People take a picture on a rock in front of the Costa Concordia cruise ship which ran aground off the west coast of Italy
People take a picture on a rock in front of the Costa Concordia cruise ship which ran aground off the west coast of Italy (Reuters)

Unregistered passengers could have sneaked inside the stricken liner that crashed off Giglio Island, a civil protection official has claimed.

The numbers of those missing might be higher than previously stated. "There could have been X persons who we don't know about who was inside, who was clandestine," Franco Gabrielli, the national civil protection official in charge of the rescue effort, said.

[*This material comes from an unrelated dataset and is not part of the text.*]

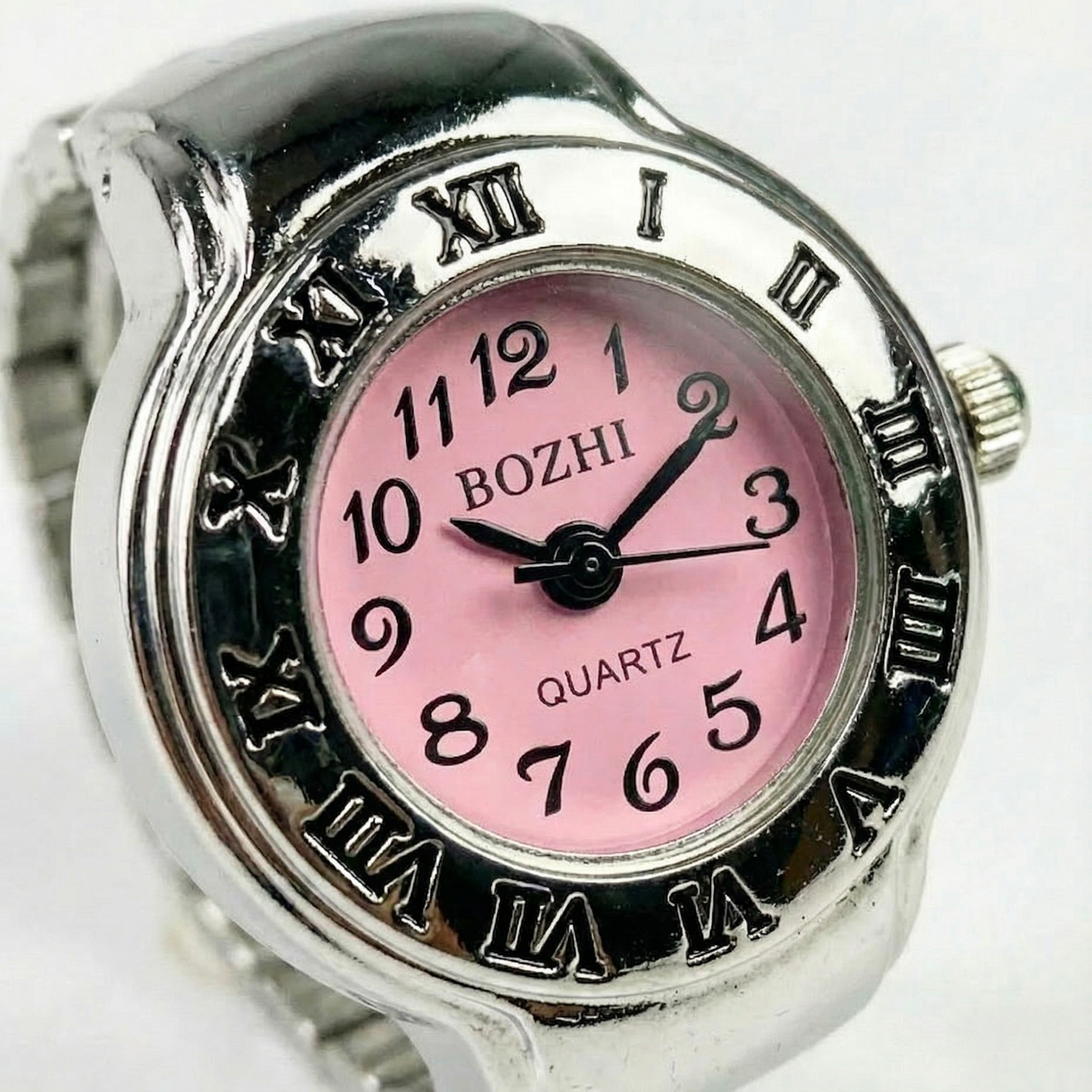 Roma Pink Ring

He quoted relatives of a Hungarian woman as saying that she had called them from the ship and that they had not heard from her since the accident. The woman is not on the list of passengers. Gabrielli said that a woman's body discovered on Saturday night might be of the unregistered passenger.

Meanwhile, authorities are searching for the personal computer of Captain Francesco Schettino. Reports indicate it was taken away by a mystery blonde woman after the disaster.

Schettino claimed sailing to shore for publicity stunts was common practice and was deliberately requested by Costa Concordia's owning company. "The salute to Giglio was arranged and wanted by Costa Crociera before we left Civitavecchia. It was for publicity reasons," reads a copy of Schettino's testimony.

"We have carried out those sail-by salutes all over the world, Sorrento, Capri. I have sailed past Giglio other times - when I was captain of Costa Europa," he added.

The company admitted that staff was aware of Schettino's "character problems" ahead of the accident.

"Schettino may have the odd little character problem, although nothing was ever been reported formally,"Costa Crociera chief executive Pier Luigi Foschi said to Corriere della Sera newspaper, "He was seen as being a little hard on his colleagues. He liked to be in the limelight."

Hordes of ghoulish tourists with picnics and cameras arrived on the island to take pictures of the half-sunken ship.

Around 19 people are still missing. The death toll stands at 13. During the weekend, three badly decomposed corpses were found. The identity of those is still unknown.

A Dutch salvage firm is poised to start pumping out the ship's oil and diesel.